The derivative of $\ln{x}$ is $\frac{1}{x}$. However, we know that $\ln{x}$ is defined only for $x \gt 0$, yet we know that $\frac{1}{x}$ is defined for $x \lt 0$ as well. How can this be? I was under the impression that a derivative can only be defined when the function is defined, since the function is part of the definition of the derivative.

Answer 1

The derivative of $\ln x$ is $\frac 1x$, if $x$ is positive. If $x$ is negative, the neither $\ln x$ nor its derivative are defined. The fact that the expression $\frac 1x$ is also valid for negative values of $x$ does not mean that the derivative is valid for negative values of $x$.

In other words, it's just a lucky coincidence of how we chose to write expressions. By sheer luck, it happens that the expression we use to describe the derivative of $\ln x$ is valid for negative values of $x$.

We could easily choose a different set of expressions. For example, from now on, I decide that $\mathfrak D$ is defined as follows:

For any positive real number $a$ and any positive real number $b$, we define $a\mathfrak D b$ to be the unique solution to the equation $bx=a$. If either $a$ and $b$ is non-positive, then $a\mathfrak Db$ is not defined.

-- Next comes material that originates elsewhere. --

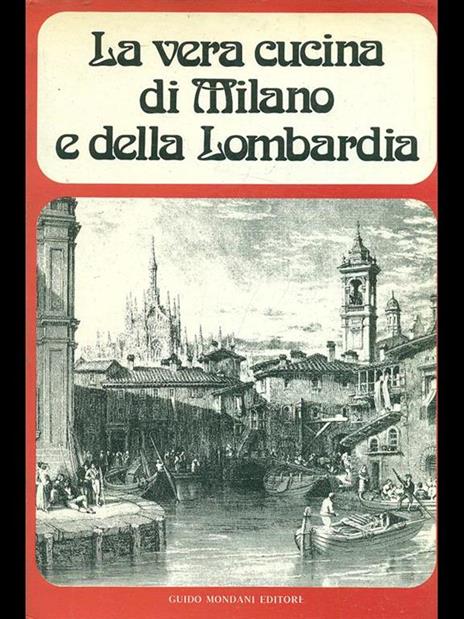 La vera cucina di Milano e della Lombardia - copertina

Once we define this symbol, we can prove that the derivative of $\ln x$ is $1\mathfrak Dx$, and that expression is only defined for positive values of $x$, so the issue you described before is no longer there.

Answer 2

A function can only have a derivative in points where it is defined, so $\log x$, taken as a real function, does not have a derivative for $x<0$. The fact that the expression that defines the derivative for $x>0$ is also defined for $x<0$ does not make it the derivate in that case.